== Information shown ==
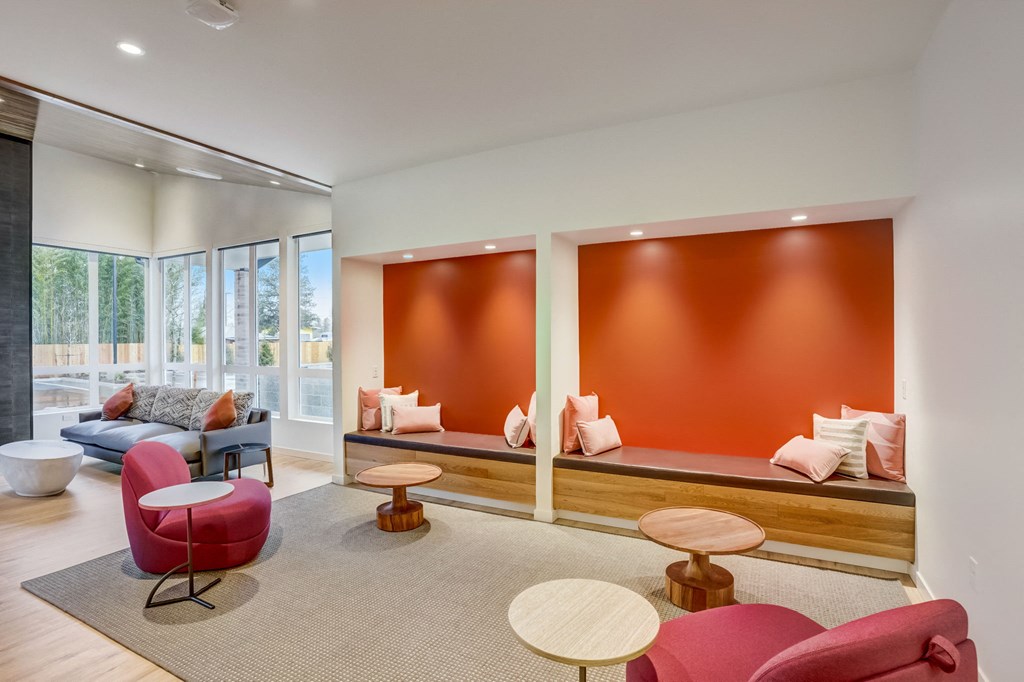 a living room with couches and chairs and a table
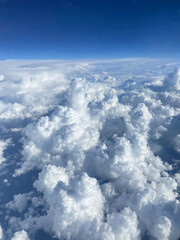 Beautiful view of airplane wing above Caribbean Sea with scattered clouds during flight departure from Curacao.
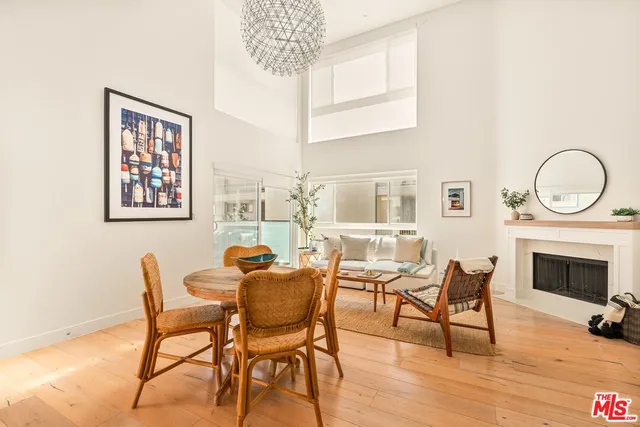 a view of a livingroom with furniture and a fireplace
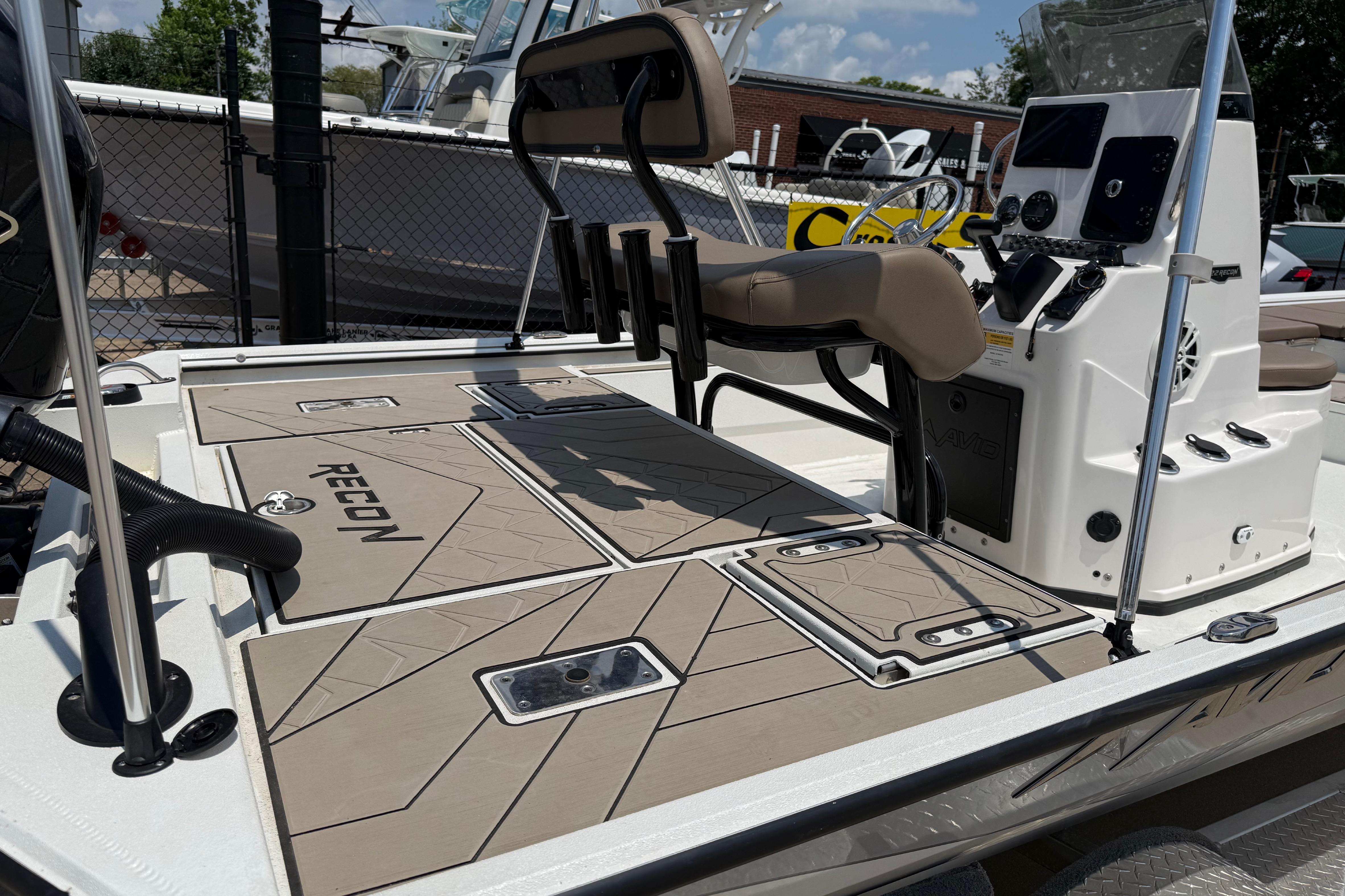 2025 Avid 22 Recon boat interior with modern console and seating.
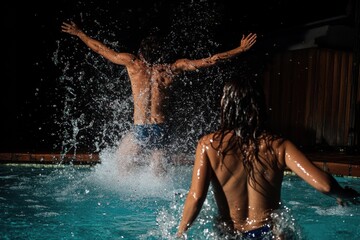 Man jumps into pool splashing women during nighttime fun at a gathering, Man splashing women after jumping in a pool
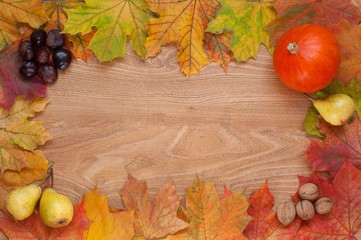 Autumn leaves frame with wood background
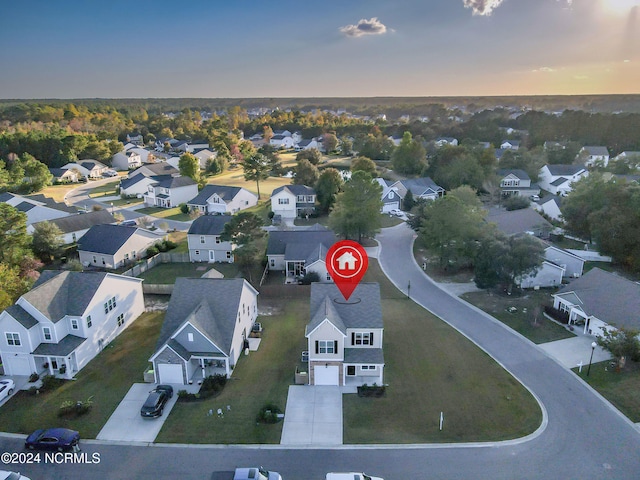 aerial view at dusk featuring a residential view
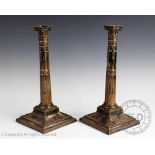 A pair of 19th century Adam style silver plated candlesticks, on swept square bases, 27.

== Assignment ==
In the listing above, find the line containing "Beautiful view of" and the line containing "2025 Avid 22", then output those two lines and everything between them exactly as written, without the images.

== Task answer ==
 Beautiful view of airplane wing above Caribbean Sea with scattered clouds during flight departure from Curacao.
 a view of a livingroom with furniture and a fireplace
 2025 Avid 22 Recon boat interior with modern console and seating.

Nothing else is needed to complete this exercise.